Japan Excludes Company-Issued Crypto From Market Valuation

On May 20, the National Tax Agency of Japan issued a notice clarifying the interpretation of laws and regulations regarding partial revisions to corporate tax rules. The notice revealed that crypto assets, specifically virtual currencies, issued by companies would be excluded from market value valuation under certain conditions. This move is seen as a step forward in improving the business environment for cryptocurrency-related companies operating in Japan.

Tax Reform

The exclusion of company-issued virtual currencies from market valuation has been under discussion for some time, and it was included in the “Ruling Party’s Tax System Reform Charter” for the fiscal year Reiwa 5. With the official notification from the National Tax Agency, the exclusion has now been formally decided upon.

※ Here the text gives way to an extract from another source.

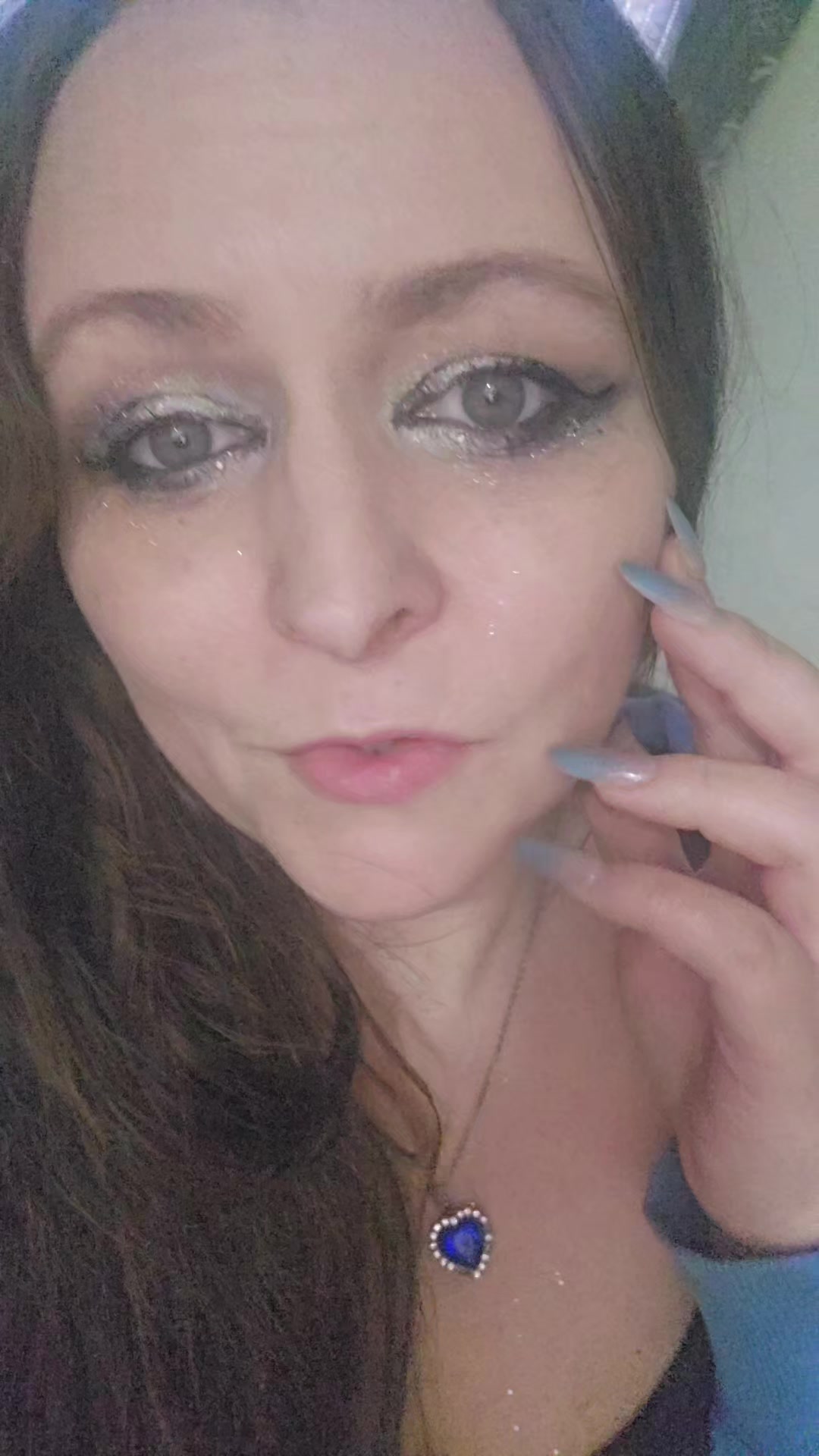 @KimCroft🧸🌹💙🎸🐋🐬🦋😈👻☘️🔥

Previously, under existing laws, companies holding virtual currencies were subject to taxation on unrealized gains at the end of the period. This rule has been criticized for burdening companies and impeding innovation in the cryptocurrency and blockchain sectors. Consequently, some companies opted to conduct their business operations outside of Japan. The revision to the tax rules will relax regulations on in-house issued virtual currencies.

The exclusion from market valuation comes with two main conditions. Firstly, the virtual currency must be issued by the company and held continuously since its issuance. Secondly, transfer restrictions must be continuously imposed from the time of issuance, either through technical measures to prevent transfers to others or by meeting specific requirements as trust property.

 

National Tax Agency’s Notice

The notice from the National Tax Agency has received positive feedback from individuals engaged in virtual currency-related businesses and the Japanese community as a whole. Sota Watanabe, founder of the ASTR Network and an advocate for revising this rule, expressed his joy at the development. However, it’s important to note that this revision only applies to virtual currencies issued in-house. There is still an issue with virtual currencies issued by other companies in terms of corporate tax regulations.

Masaaki Taira, a member of the Liberal Democratic Party and chair of the Web3 project team, commented on this matter. The Web3 project team not only proposes revisions to corporate tax laws but also suggests separate taxation of profits and losses related to virtual currency transactions.